Coincidence alert: One of the two detectives assigned to the Tanner girls’ case — Dr. Abigail Winter, a forensic psychologist with the F.B.I. — had a mistreated sister and a narcissistic mother, too. So she is well prepared to empathize with Cass as she investigates her disappearance, but that’s only half of Abby’s job. She and her male, safely married partner — just about the only nongoatish guy in the book — also have to figure out what became of Emma, who went missing and was never seen again.


The author Wendy Walker.

Bill Miles

Walker, who has been both an investment banker and an attorney practicing family law, leans hard on authority figures in her stories. She used a rape victim’s psychiatrist to narrate “All Is Not Forgotten,” and she tells half this story from Abby’s perspective, in reassuringly levelheaded, third-person language.

Abby has the relatively simple job of appraising Cass’s account, trying to figure out what it’s missing and chasing every lead. Cass, who lives in Connecticut (as does Walker), says she and Emma were spirited off to Maine and held captive on an island that had no identifying features. Grocery bags? Labels on catalogs? Neighbors or unexpected visitors?
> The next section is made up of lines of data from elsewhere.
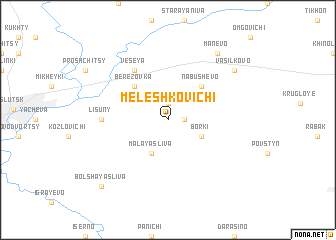 map of Meleshkovichi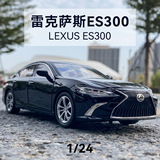 Модель автомобиля Lexus ES300 из имитационного сплава в масштабе 1:24 со звуком и светом, коллекция декоративных элементов для внешней торговли за рубежом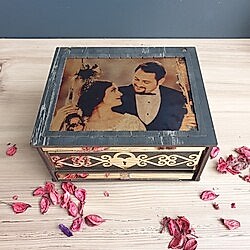 HediyecinHeryerde - Kişiye Özel Resimli Çekmeceli Hediye Nostalji Kombini
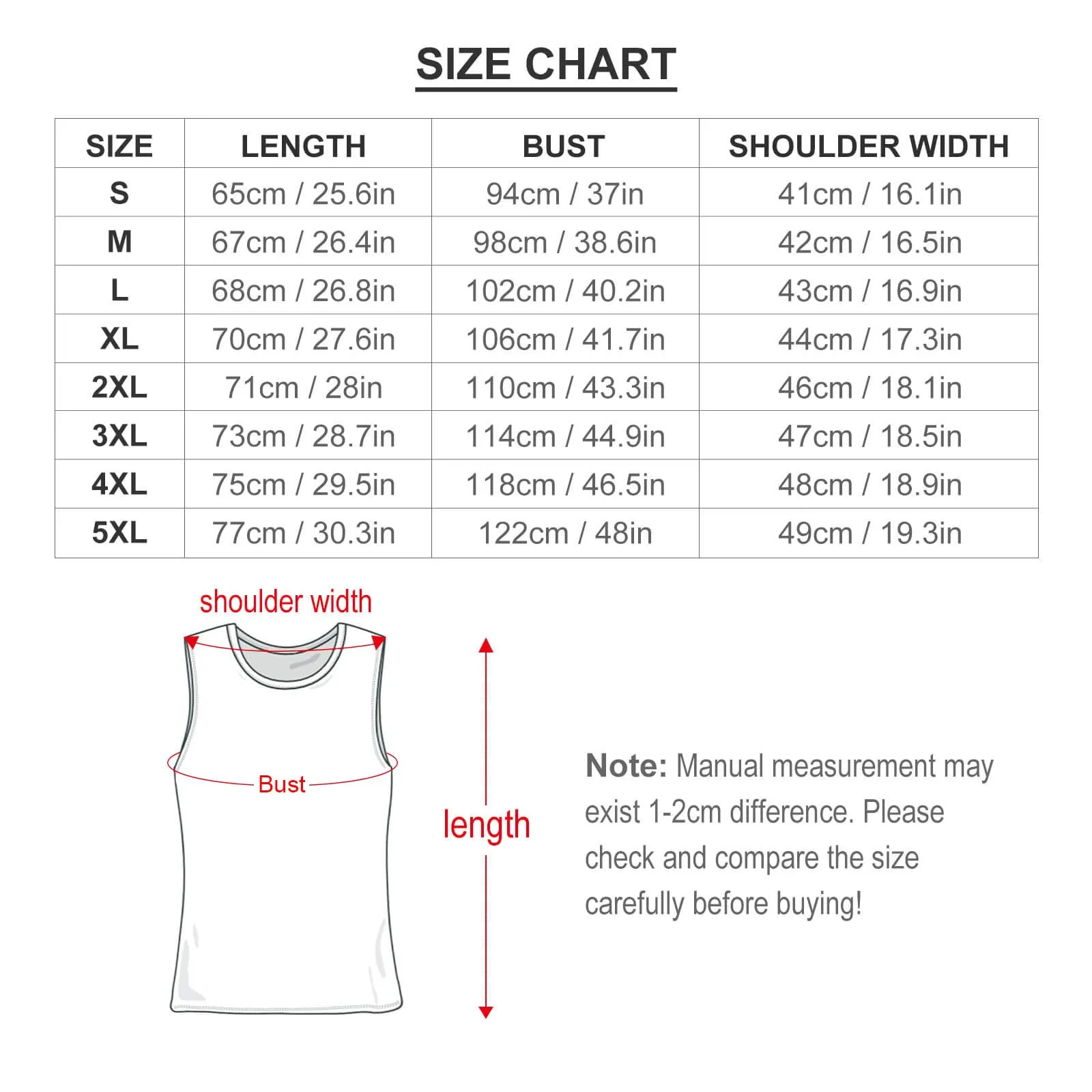 Custom Big Face Birthday Party Tank Tops For Women&Men 30 Colors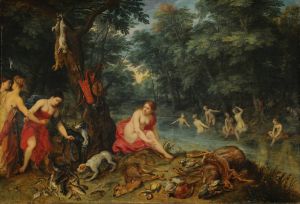 Nymphs bathing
None of that. They were kept there by a solicitous-seeming couple.

That’s the necessary part of the story. Then there are the Styrofoam peanuts, like this one: “The thought of being free overwhelmed me with happiness. The thought of getting caught overwhelmed me with fear. Waves of elation and dread rolled through my body like the ocean, each one crashing against a wall and giving way to the next.” That’s what Cass sounds like when she keeps talking despite having nothing to say.

But most of “Emma in the Night” is about twists. Walker made them a specialty in “All Is Not Forgotten,” and she piles them on again this time, to much less credible effect. Thanks to this overkill, each of this book’s characters becomes more detestable as he or she becomes more fully revealed. Almost all of them are manipulative, delusional or dangerous. And the reader helplessly waits to see which of the endless terrible things that could happen actually will. If you like that kind of randomness, great. If you prefer rational plotting, you may blow a gasket over this.
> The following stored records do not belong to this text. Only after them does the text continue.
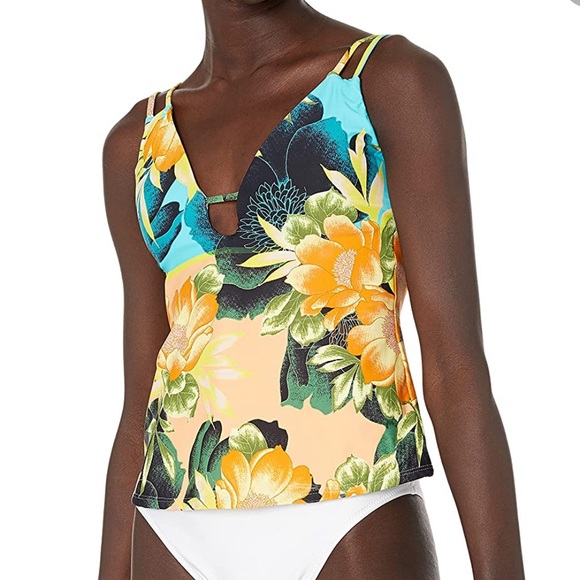 Lucky Brand Sunflower Slimming Tankini - Picture 1 of 12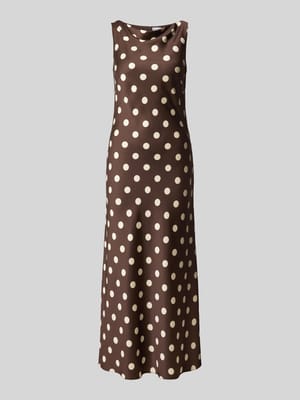 Dopasowana sukienka koktajlowa z dodatkiem wiskozy Shop The Look MANNEQUINE
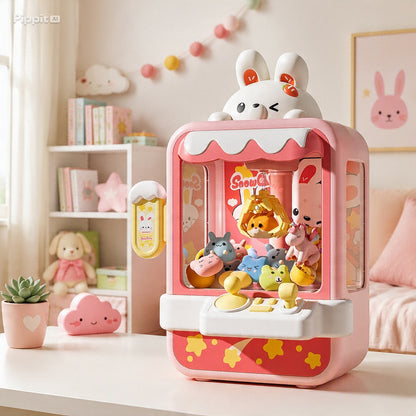 Máquina de Garras Grande para Niños — Arcade con Muñecos y Cápsulas Sorpresa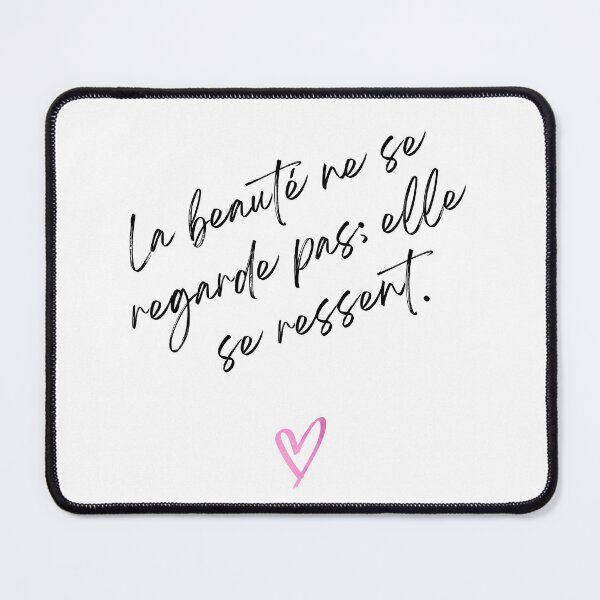 Item preview, La Beauté Ne Se Regarde Pas – French Quote | Parisian Minimalist Style designed and sold by The Balanced Bonne Vivante.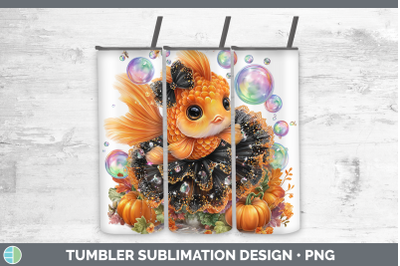 Tropical Fish Tumbler Sea Halloween Sublimation 20 oz Skinny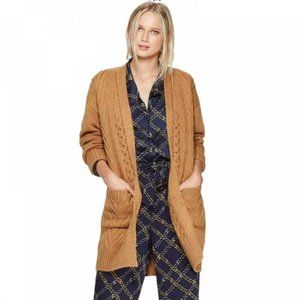 SOLD NWT Who What Wear Wool Blend Chunky Sweater Cardigan Wool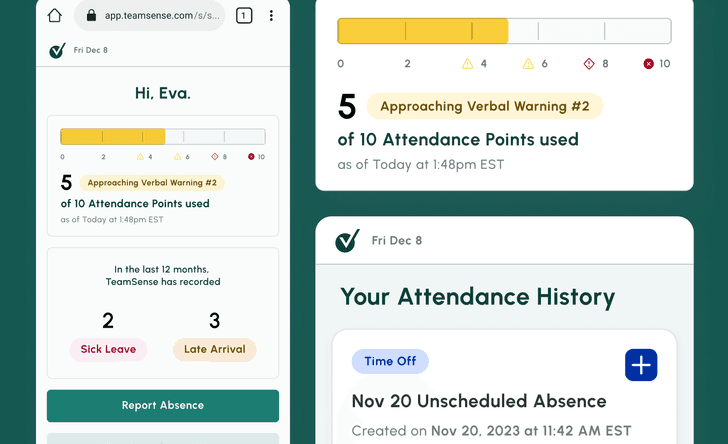 Attendance Policy Point System.pdf Free Comprehensive Employee Attendance Policy PDF Download | TeamSense
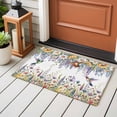 thumbnail image 4 of 2x3 Ft Entryway Area Rug, Watercolor Floral Kitchen Rug Runner Washable Floor Mat, Spring Daisy Sunflowers Wisteria Hummingbird Non Slip Indoor Door Mat Throw Carpet for Bathroom Living Room Bedroom, 4 of 8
“Emma in the Night” also offers the extra perk of treating marriage as flat-out war between the sexes. (Everyone in the book is seemingly straight.) The men here combine kinks with a sense of entitlement, and readily victimize the women, who are treated to a high quota of misogyny. A number of the women are sick, self-loathing schemers eager to act out their revenge fantasies, so the battle lines are evenly drawn.
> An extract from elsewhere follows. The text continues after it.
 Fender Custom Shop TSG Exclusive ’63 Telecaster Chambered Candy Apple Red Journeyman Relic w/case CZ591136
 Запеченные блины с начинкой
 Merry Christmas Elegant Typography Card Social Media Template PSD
At least Dr. Abby Winter turns out O.K., although any show of rotten mothering by “Mrs. Martin” is apt to trigger a predictable flashback to Abby’s childhood. And Cass? Well, it’s Walker’s job to keep us guessing, even at the risk of clumsily building her heroine out of mismatched parts.

Finally, where’s Emma? If this were a better book, we would be on tenterhooks about that question throughout. Instead, there’s so much else going on that solving the riddle of her disappearance sometimes shrinks into a minor matter. But Emma is not forgotten. Rest assured that the opportunity for a big, exploitative here-comes-Emma scene does not go to waste.